As you see, depending on who is dreaming for us, what we want is to be The Best. We are supposed to be Made Great. O, Pioneers, we are meant to go forth and conquer. We are supposed to want to be captains of industry, while many of us want to just have a decent house and a garden and maybe a couple of kids or a weasel (same thing, really, as my friend Liz might tell me ☺). And yet, the cross-section of most people you know and I know, the true average mainstream want simpler truths, that change, that level place to stand and be, for them and theirs.

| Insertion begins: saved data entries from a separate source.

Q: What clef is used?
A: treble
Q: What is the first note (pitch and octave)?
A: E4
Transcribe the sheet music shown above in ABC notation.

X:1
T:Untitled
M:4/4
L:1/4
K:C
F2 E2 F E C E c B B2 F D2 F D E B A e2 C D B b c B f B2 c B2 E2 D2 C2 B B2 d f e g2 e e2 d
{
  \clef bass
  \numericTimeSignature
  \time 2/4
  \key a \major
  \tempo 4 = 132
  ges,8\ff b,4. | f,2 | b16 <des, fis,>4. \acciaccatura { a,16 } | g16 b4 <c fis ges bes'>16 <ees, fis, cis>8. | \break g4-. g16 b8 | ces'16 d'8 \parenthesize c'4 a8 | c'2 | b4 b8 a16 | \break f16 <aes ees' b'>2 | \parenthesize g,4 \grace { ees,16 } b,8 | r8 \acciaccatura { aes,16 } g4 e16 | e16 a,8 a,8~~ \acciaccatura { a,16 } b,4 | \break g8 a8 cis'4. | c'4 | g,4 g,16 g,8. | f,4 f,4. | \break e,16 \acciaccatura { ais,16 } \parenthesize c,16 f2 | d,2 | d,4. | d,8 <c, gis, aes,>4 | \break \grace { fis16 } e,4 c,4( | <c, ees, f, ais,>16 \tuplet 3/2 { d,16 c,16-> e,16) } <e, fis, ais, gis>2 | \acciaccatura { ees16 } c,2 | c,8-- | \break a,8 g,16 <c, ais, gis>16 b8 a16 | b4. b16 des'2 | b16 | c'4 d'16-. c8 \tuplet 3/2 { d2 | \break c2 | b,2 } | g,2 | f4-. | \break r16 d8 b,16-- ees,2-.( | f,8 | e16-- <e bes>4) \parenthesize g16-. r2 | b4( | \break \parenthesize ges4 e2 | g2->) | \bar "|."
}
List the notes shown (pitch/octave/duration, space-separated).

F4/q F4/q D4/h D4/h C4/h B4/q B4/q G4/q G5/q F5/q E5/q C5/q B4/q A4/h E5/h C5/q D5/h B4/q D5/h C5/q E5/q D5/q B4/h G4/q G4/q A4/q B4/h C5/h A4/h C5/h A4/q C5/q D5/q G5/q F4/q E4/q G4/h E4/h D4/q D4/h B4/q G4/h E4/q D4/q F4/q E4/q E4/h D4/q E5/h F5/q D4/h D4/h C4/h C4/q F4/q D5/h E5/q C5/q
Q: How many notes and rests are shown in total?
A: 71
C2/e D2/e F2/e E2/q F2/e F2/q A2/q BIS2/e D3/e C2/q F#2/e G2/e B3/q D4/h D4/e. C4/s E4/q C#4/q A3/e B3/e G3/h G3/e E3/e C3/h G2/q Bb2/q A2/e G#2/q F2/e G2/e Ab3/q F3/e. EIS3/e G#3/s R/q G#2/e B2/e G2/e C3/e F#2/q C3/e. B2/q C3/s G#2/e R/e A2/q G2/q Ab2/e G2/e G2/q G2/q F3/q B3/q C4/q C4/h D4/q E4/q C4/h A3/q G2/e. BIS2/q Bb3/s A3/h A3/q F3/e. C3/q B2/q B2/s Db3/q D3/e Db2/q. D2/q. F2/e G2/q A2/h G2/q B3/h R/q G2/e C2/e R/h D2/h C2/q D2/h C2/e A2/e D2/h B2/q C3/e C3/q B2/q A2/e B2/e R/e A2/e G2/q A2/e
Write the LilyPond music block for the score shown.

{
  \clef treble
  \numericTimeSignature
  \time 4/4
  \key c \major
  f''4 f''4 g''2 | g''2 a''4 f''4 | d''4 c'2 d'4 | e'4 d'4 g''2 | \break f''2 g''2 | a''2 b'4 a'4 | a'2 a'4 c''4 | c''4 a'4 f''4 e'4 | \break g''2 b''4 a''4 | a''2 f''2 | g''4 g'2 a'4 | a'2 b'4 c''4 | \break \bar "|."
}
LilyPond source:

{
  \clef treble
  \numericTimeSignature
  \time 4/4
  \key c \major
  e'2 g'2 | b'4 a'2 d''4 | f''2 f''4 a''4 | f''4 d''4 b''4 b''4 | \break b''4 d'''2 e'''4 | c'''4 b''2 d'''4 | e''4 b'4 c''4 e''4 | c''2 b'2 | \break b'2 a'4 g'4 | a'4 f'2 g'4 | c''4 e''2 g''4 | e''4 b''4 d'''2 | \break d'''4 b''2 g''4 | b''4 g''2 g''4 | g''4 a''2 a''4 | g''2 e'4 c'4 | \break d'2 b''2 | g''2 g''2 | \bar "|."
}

As Langston Hughes said,
O, yes,
I say it plain,
America never was America to me,
And yet I swear this oath—
America will be!

musings of the mainstream

o, beauteous, this spacious sky
belongs to all who live hereby
to all who strive on this earth’s curve
to freely live, and love to serve.

And let us take up Langston’s vow
& though we know not when – or how –
let’s live in hope the dream is true
and no mere “greatness” thus pursue…
for who the dreamer? whose, the dream?
& which America a gleam of graft and rot in rheumy eye
& which the land where you (& I)
the masses yearning to breathe free
can safely plant a family tree?

a genuine and human heart is unconcerned with being great
but looks instead to love and serve, and has no need to compensate.

With apologies to Langston Hughes, and Emma Lazarus, and everyone who winces at poetic doggerel.